* [Work required] Would you output the entries below only from the line containing "Furnished Finder property 572151_1 photo 11" through the line containing "Izdavanje Zrenjanin –", exactly as they stand and with both ends included?
-------- Data to examine --------
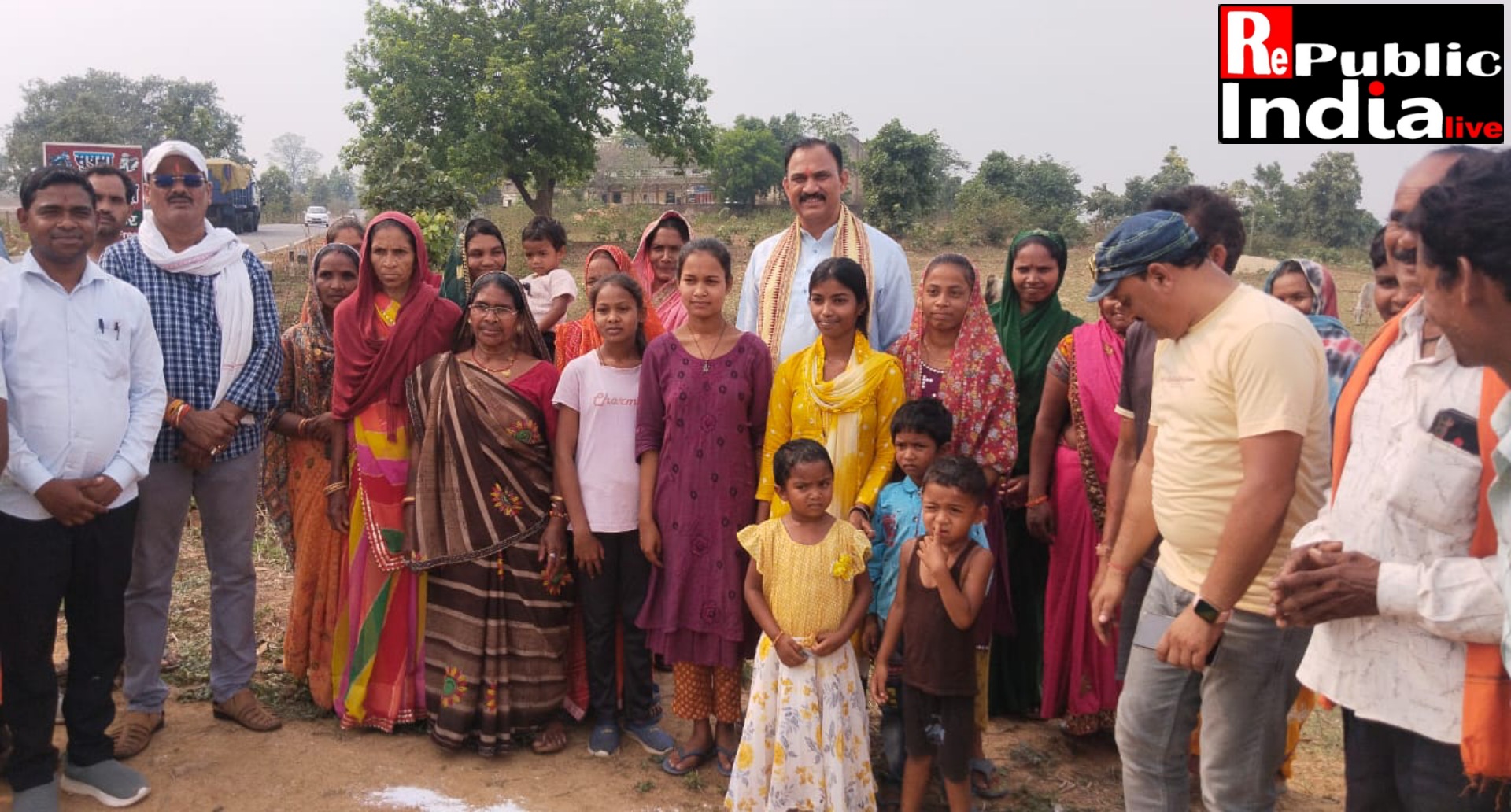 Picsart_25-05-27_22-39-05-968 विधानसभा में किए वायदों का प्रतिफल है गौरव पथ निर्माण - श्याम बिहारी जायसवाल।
--------
-------- Data to examine --------
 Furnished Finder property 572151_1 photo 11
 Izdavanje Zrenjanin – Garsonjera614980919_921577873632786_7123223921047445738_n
--------
-------- Data to examine --------
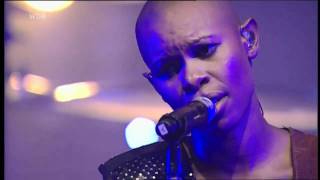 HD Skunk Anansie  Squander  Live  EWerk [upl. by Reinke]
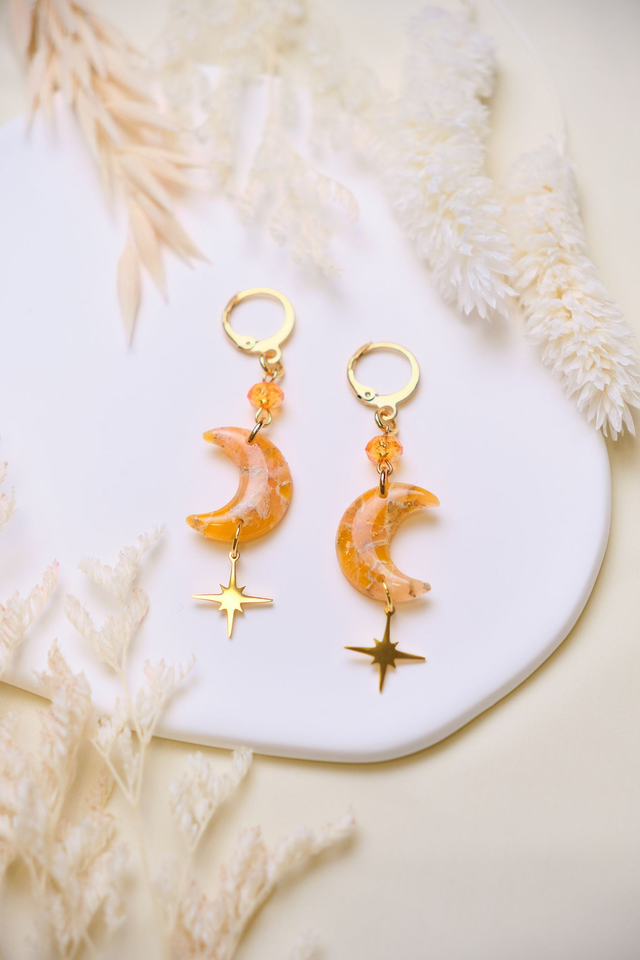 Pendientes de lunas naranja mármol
--------
* [Exercise answer]
 Furnished Finder property 572151_1 photo 11
 Izdavanje Zrenjanin – Garsonjera614980919_921577873632786_7123223921047445738_n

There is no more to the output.